When Democrats Say ‘the People,’ They Mean ‘the Government’

In his inaugural address, Donald Trump announced that,

“today we are not merely transferring power from one Administration to another, or from one party to another — but we are transferring power from Washington, D.C., and giving it back to you, the American People. For too long, a small group in our nation’s Capital has reaped the rewards of government while the people have borne the cost. Washington flourished — but the people did not share in its wealth. Politicians prospered — but the jobs left, and the factories closed. The establishment protected itself, but not the citizens of our country…. That all changes — starting right here, and right now, because this moment is your moment: it belongs to you.”

These were stirring words, but they were the sort of thing presidents have said for ages. Back in his first inaugural address in 1913, Woodrow Wilson decried the fact that “the great Government we loved has too often been made use of for private and selfish purposes, and those who used it had forgotten the people.” In his first inaugural address in 1953, Dwight D. Eisenhower asserted that “we, the people, elect leaders not to rule but to serve.” And in his January 1996 state of the union address, Bill Clinton declared: “We know big government does not have all the answers. We know there’s not a program for every problem. We have worked to give the American people a smaller, less bureaucratic government in Washington. And we have to give the American people one that lives within its means. The era of big government is over… Our goal must be to enable all our people to make the most of their own lives — with stronger families, more educational opportunity, economic security, safer streets, a cleaner environment in a safer world.”

However, as Rating America’s Presidents: An America-First Look at Who Is Best, Who Is Overrated, and Who Was An Absolute Disaster explains, Trump’s declaration that he was transferring power back to the people actually heralded a move away from big government, not toward it. Trump’s words didn’t herald a push to expand government power under the guise of working for the people. On the contrary, he was determined to expand the freedom Americans enjoyed and roll back government power. A new era had begun in American politics: for the first time in over a century, the rule of “the people” did not mean the rule of the government.

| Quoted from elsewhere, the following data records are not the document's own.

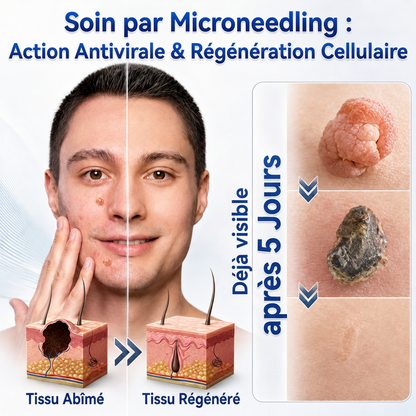 👩‍⚕️💯 𝘽𝙤𝙪𝙩𝙞𝒒𝒖𝒆 𝗢𝗳𝗳𝗶𝗰𝗶𝗲𝐥𝐥𝐞  | 𝑴𝑼𝑹𝑾𝑶𝑵® 🌿 𝑷𝒂𝒕𝒄𝒉𝒔 à 𝑴𝒊𝒄𝒓𝒐-𝒂𝒊𝒈𝒖𝒊𝒍𝒍𝒆𝒔 𝑨𝒏𝒕𝒊-𝑽𝒆𝒓𝒓𝒖𝒆𝒔 𝒆𝒕 𝑷𝒆𝒂𝒖 𝑵𝒆𝒕𝒕𝒆 (𝘗𝘰𝘶𝘳 𝘢𝘤𝘳𝘰𝘤𝘩𝘰𝘳𝘥𝘰𝘯𝘴, 𝘦𝘹𝘤𝘳𝘰𝘪𝘴𝘴𝘢𝘯𝘤𝘦𝘴 𝘤𝘶𝘵𝘢𝘯é𝘦𝘴, 𝘨𝘳𝘢𝘪𝘯𝘴 𝘥𝘦 𝘣𝘦𝘢𝘶𝘵é, 𝘵𝘢𝘤𝘩𝘦𝘴 𝘥𝘦 𝘷𝘪𝘦𝘪𝘭𝘭𝘦𝘴𝘴𝘦 𝘦𝘵 𝘱𝘪𝘨𝘮𝘦𝘯𝘵𝘢𝘵𝘪𝘰𝘯)🏵️
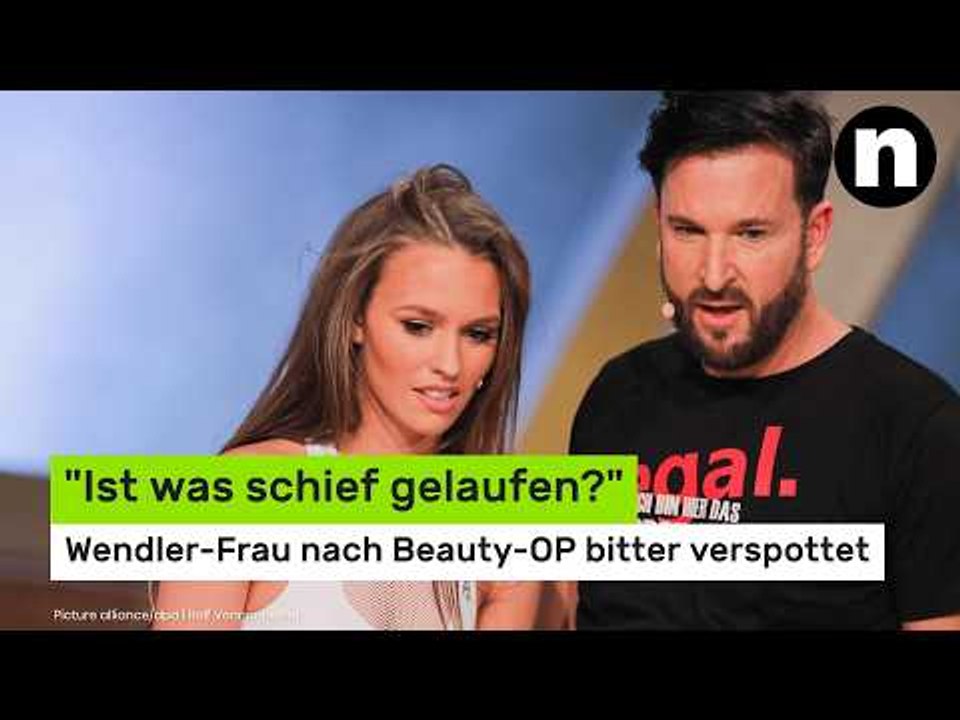 Laura Müller: 'Ist was schief gelaufen?' - Wendler-Frau nach Beauty-OP bitter verspottet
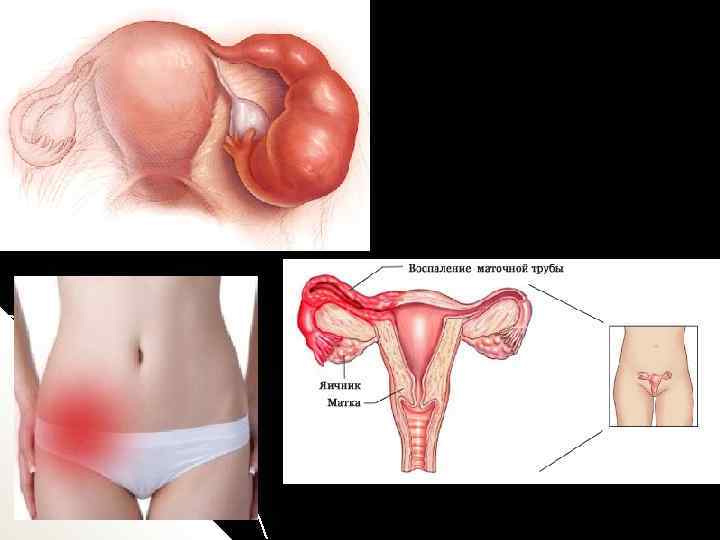 Воспаление матки у женщин симптомы и лечение. Воспаление трубы и яичника. Воспаление маточных труб. Маточныеттрубы воспаление.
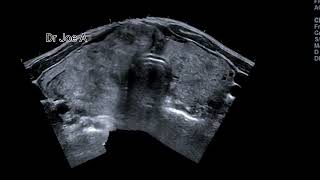 Huge multinodular goiter of thyroid ultrasound and color Doppler video thyroid enlargement [upl. by Yanat]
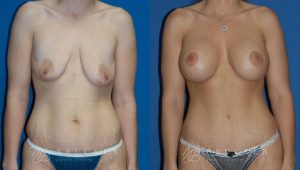 Patient 4a Breast Lift with Augmentation Before and After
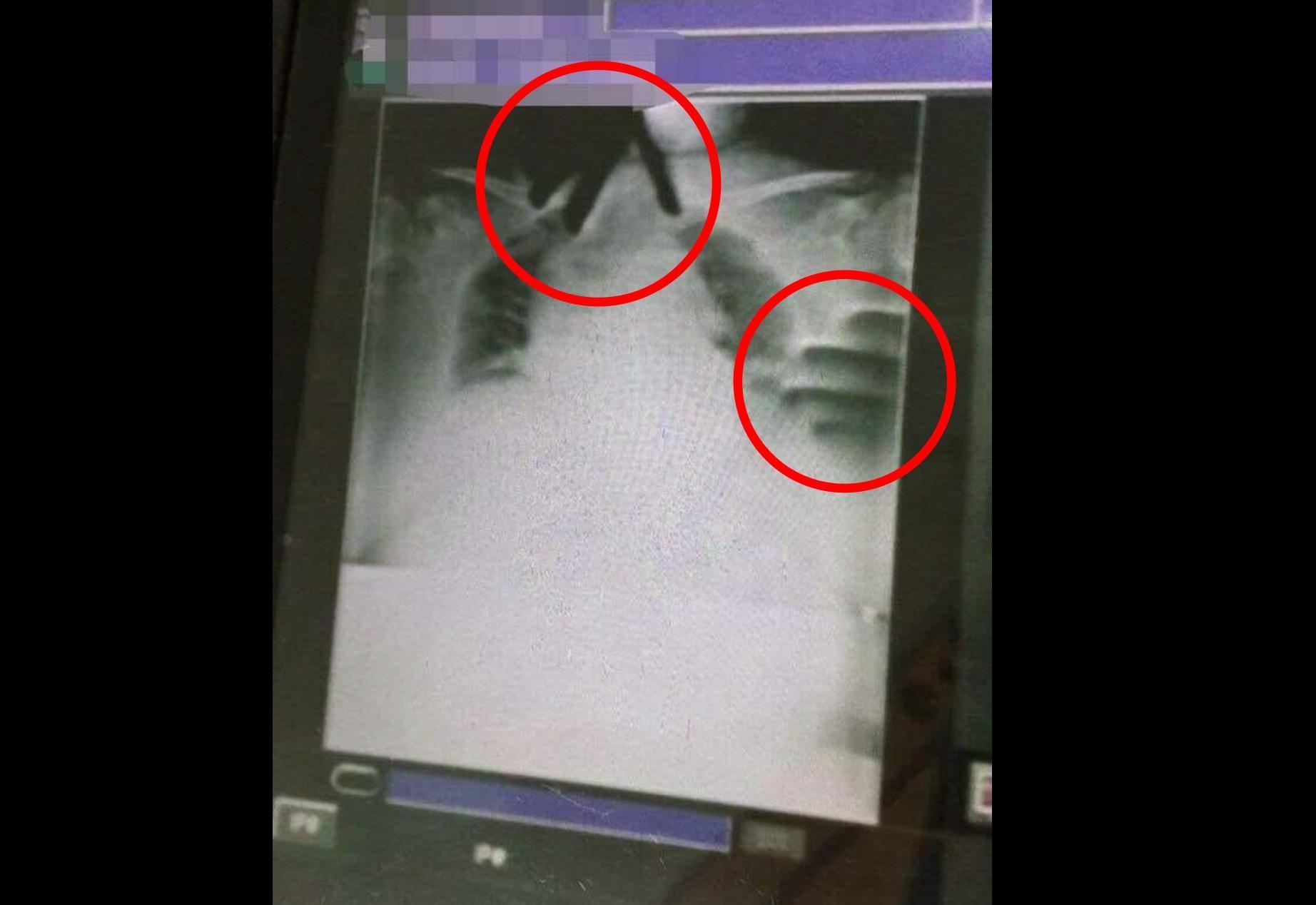一名阿嬤住院期間突然不舒服,照X光竟驚見有2隻手正掐著她。(翻攝自「靈異公社」臉書)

This equation has been taken for granted since the election of 1896, when a key issue was currency. The Republican platform committed the party to the gold standard, which prevented the production of so much currency as to lead to inflation. A minority of Republicans and a significant majority of Democrats, however, supported the free coinage of silver, which would lead to inflation and thereby make it easier for farmers to pay off their debts. That rapidly rising prices were rendering the life savings of Americans essentially worthless did not trouble the silver advocates, who cloaked their case for what was essentially the government’s assumption of the debts of private citizens in the language of support for the plight of the common man. Forgotten in all the controversy was that when the government does something, it is the taxpayers who pay for it.

President Grover Cleveland supported the gold standard, but toward the end of his second term, he was deeply unpopular, and the silver forces among the Democrats were restive. At the Democratic National Convention, a handsome and vigorous thirty-six-year-old congressman from Nebraska named William Jennings Bryan electrified the delegates with a speech in favor of the free coinage of silver that is one of the most celebrated pieces of oratory in American history. “You come to us,” Bryan declared, “and tell us that the great cities are in favor of the gold standard; we reply that the great cities rest upon our broad and fertile prairies. Burn down your cities and leave our farms, and your cities will spring up again as if by magic; but destroy our farms and the grass will grow in the streets of every city in the country.”

Rating America’s Presidents explains that Bryan sounded notes of class warfare that would become ever more common in American politics: “We do not come as aggressors. Our war is not a war of conquest; we are fighting in the defense of our homes, our families, and posterity. We have petitioned, and our petitions have been scorned; we have entreated, and our entreaties have been disregarded; we have begged, and they have mocked when our calamity came. We beg no longer; we entreat no more; we petition no more. We defy them!” In conclusion, he thundered: “You shall not press down upon the brow of labor this crown of thorns, you shall not crucify mankind upon a cross of gold.”

In a frenzy of enthusiasm over this populist appeal, the Democrats nominated Bryan for president. This marked a sea change for the Democratic Party, as the party that had always favored a limited central government now began to advocate for a massive increase of federal control over the economy, under the cloak of a concern for the common man.

Bryan lost, and lost two more times, but his ideas took hold. By the time of the presidency of Franklin Delano Roosevelt, the Democratic Party, and a significant and growing portion of the American public, took it for granted that taking an industry or sector of the economy out of private hands and placing it under government control was tantamount to giving it to “the people.” It is such a compelling sleight of hand that Communist regimes also used it for decades.

But then came Trump, who actually meant “the people” when he said “the people.” And that’s one principal reason why the statists who hitherto championed themselves as guardians of the interests of “the people” hate him with such incandescent intensity.